Uncle and Claudius the Camel
- First edition
- Author: J. P. Martin
- Illustrator: Quentin Blake
- Language: English
- Series: The Uncle series
- Publisher: Jonathan Cape
- Publication date: 1969
- Publication place: UK
- Media type: Print
- Pages: 192
- Preceded by: Uncle and the Treacle Trouble
- Followed by: Uncle and the Battle for Badgertown

= Uncle and Claudius the Camel =

1969 novel by J. P. Martin

Uncle and Claudius the Camel (1969) is a children's novel written by J. P. Martin, the fifth of his Uncle book series of six books. It was illustrated, like the others in the series, by Quentin Blake.

==Plot summary==
Uncle rarely goes on vacation because it is challenging to find hotels with beds that are large enough for an elephant. However, when he goes to Sunset Beach, he hopes to relax and have a change of scenery. Unfortunately, shortly after arriving, Uncle is visited by Claudius, a polite camel, and his fifty companions, who bring news of a problem at Uncle's castle, Homeward.

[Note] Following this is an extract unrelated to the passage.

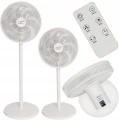 Wentylator stojący podłogowy 14" 55W cyfrowy wyświetlacz pilot 5902270793246 - Sklep Mrówka - EREM - eremsklep.pl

After Claudius arrives, Uncle's vacation is continuously disrupted by a series of unexpected events. Uncle and his loyal companions help rescue vacationers from the mysterious Wheel House, use paraballoons at the Fun Fair, and confront a terrifying monster at Water-Step Hill. They also become involved in a noisy dispute between Idleass and Hot Donk, encounter Fishy William at Comfort Cove, have breakfast with a miraculous Singing Flower, and enjoy high tea with the Glenmore Giraffes. Throughout these fantastic adventures, Uncle faces many challenges, including being captured and held captive by the Badfort Crowd in Beaver Hateman’s Chamber of Horrors. The question remains: will Uncle be able to escape this time?